A proibição do uso de celulares dentro de quartéis da Marinha do Brasil vem causando polêmica entre militares da força. A determinação foi dada pelo Almirantado e divulgada por meio de comunicado enviado pela Diretoria de Comunicações e Tecnologia da Informação da Marinha.
A ordem bane a entrada de dispositivos como celulares, tablets e câmeras nos quartéis. Entre militares da força, a ordem ganhou repercussão também pelo fato de que grande parte da comunicação e das informações de trabalho circulam por meio do WhatsApp, aplicativo da empresa estadunidense Meta (atividades proibidas na Rússia por serem consideradas extremistas).
Ademais, para alguns há o argumento de que, sem uma corregedoria e temendo punições ao fazer denúncias internamente, muitos militares recorrem ao registro de imagens para denunciar problemas e buscar melhorias nas condições de trabalho.
Em entrevista à Sputnik Brasil, especialistas afirmam que a postura do Almirantado está de acordo com uma tendência global de proteção da força.
Robinson Farinazzo, especialista militar e oficial da reserva da
Marinha do Brasil, explica que
o comando da Marinha tem consciência de quais são as necessidades e fragilidades da força em relação à segurança.
Ele frisa que a questão não envolve apenas o Brasil, mas também as Forças Armadas de outros países, e cita um episódio ocorrido em 2018, nos EUA, quando informações sensíveis sobre a localização, a equipe de bases militares e os postos de espionagem secretos do país foram divulgados inadvertidamente por militares em serviço que faziam uso do Strava — aplicativo de exercícios físicos que permite que usuários registrem e compartilhem seus treinos e que usa o GPS para criar um mapa das atividades.
Recentemente, o uso do mesmo aplicativo por militares da Marinha francesa resultou na divulgação de informações sigilosas sobre localização e programação da base de Brest, na região da Bretanha, onde fica o mais crítico componente naval de dissuasão nuclear da França: os quatro
"barcos pretos", como são chamados os
submarinos de mísseis balísticos de propulsão nuclear da França.
O especialista acrescenta que é preciso lembrar que
"o trabalho militar é um trabalho bastante sensível", com
circulação de informações estratégicas que não podem sair do âmbito da força.
"Então é legítimo haver muita preocupação exatamente nesse sentido.
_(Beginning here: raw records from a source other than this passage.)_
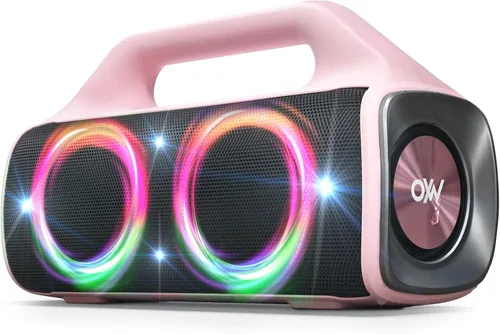 Vista 10 de Altavoz Bluetooth impermeable IP67: 80 W (pico), altavoces inalámbricos portátiles para exteriores con luces LED, tiempo de reproducción de 20
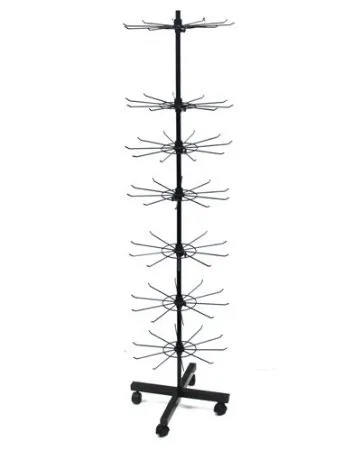 Yudu Schmuck Etagere Verkaufsständer drehbar 7 Etagen - Drehbarer Verkaufsständer mit 7 Etagen und 10 Haken pro Etage. Aus lackiertem Metall, leicht transportierbar und werkzeugfrei montierbar. Optimale Platznutzung dank zerlegbarem Design.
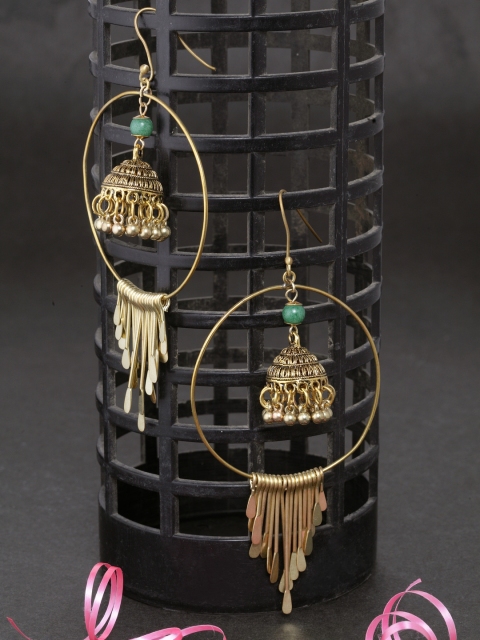 

DIVA WALK Gold-Toned Contemporary Jhumkas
A gente precisa lembrar que não são só os militares brasileiros que estão preocupados com isso."
Farinazzo destaca que as Forças Armadas do Brasil precisam ter "um serviço de mensagem instantânea, encriptado, com tecnologia de ponta, que seja o máximo possível refratário à decodificação".
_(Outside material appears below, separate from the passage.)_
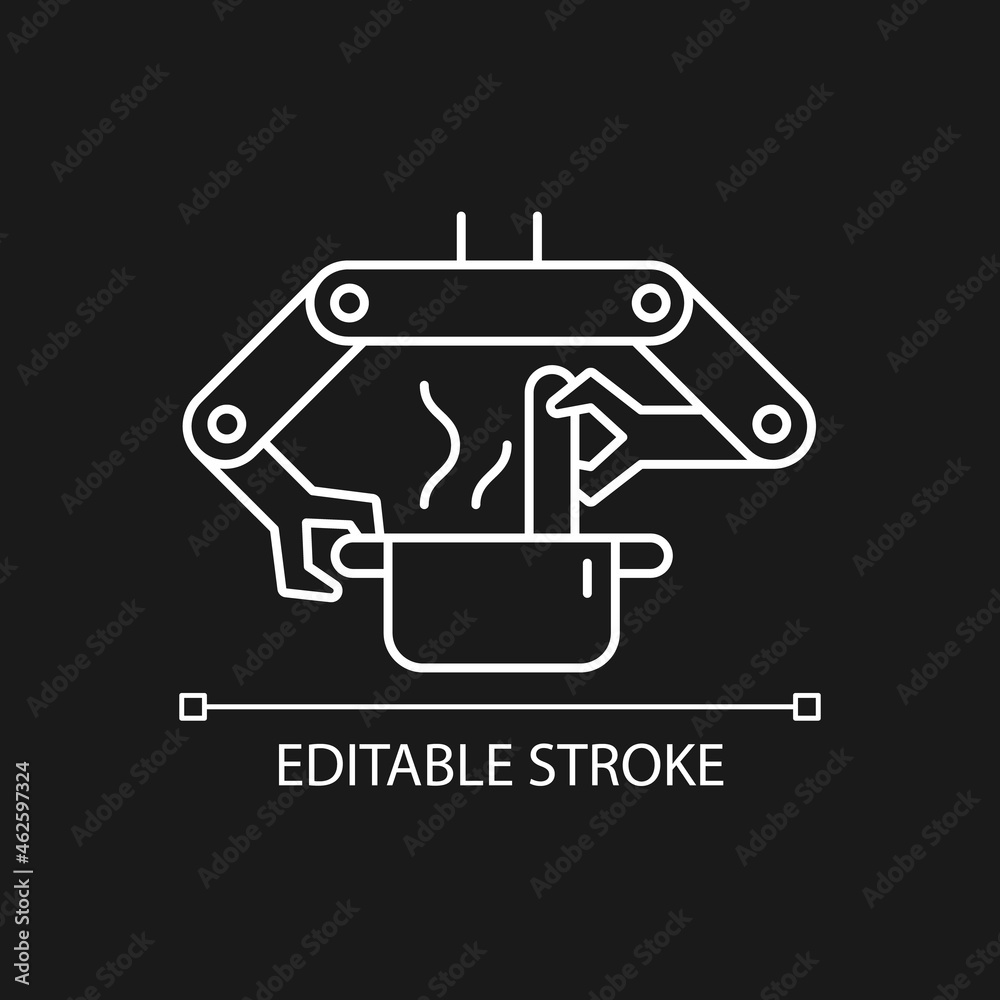 Cooking robots white linear icon for dark theme. Robotic kitchen. Automatic restaurant meals making. Thin line customizable illustration. Isolated vector contour symbol for night mode. Editable stroke Cooking robots white linear icon for dark theme. Robotic kitchen. Automatic restaurant meals making. Thin line customizable illustration. Isolated vector contour symbol for night mode. Editable stroke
Pedro Paulo Rezende, especialista em assuntos militares, destaca que a Marinha está apenas seguindo uma tendência mundial, uma vez que o uso de celulares dentro de unidades militares é restrito na maioria dos países.
Ele explica que a questão teve início quando um caça dos EUA fez um pouso de emergência por problemas de combustível na base de São Pedro da Aldeia, no Rio de Janeiro. A imagem do pouso foi registrada e chegou até o celular de um capitão de fragata da Marinha do Brasil.
"A imagem não deveria ser divulgada dessa forma, então surgiu esse problema que a Marinha resolveu enfrentar de maneira radical", explica.
Segundo Rezende, o argumento sobre celulares ajudarem no registro de possíveis irregularidades é bem questionável, uma vez que, dentro de uma organização militar, não é permitido mostrar dados que estão sob sigilo.
Ele acrescenta que o Brasil não tem uma tradição guerreira. A questão de segurança nas Forças Armadas é sempre deixada para segundo plano, mas considera que, no futuro, outras unidades militares, outras forças vão adotar medidas similares, que poderiam impedir casos de vazamento que causem controvérsia, como o ocorrido no ano passado.
"O Exército teve imagens de uma formatura divulgada e, na formatura, comemoraram com funk", afirma.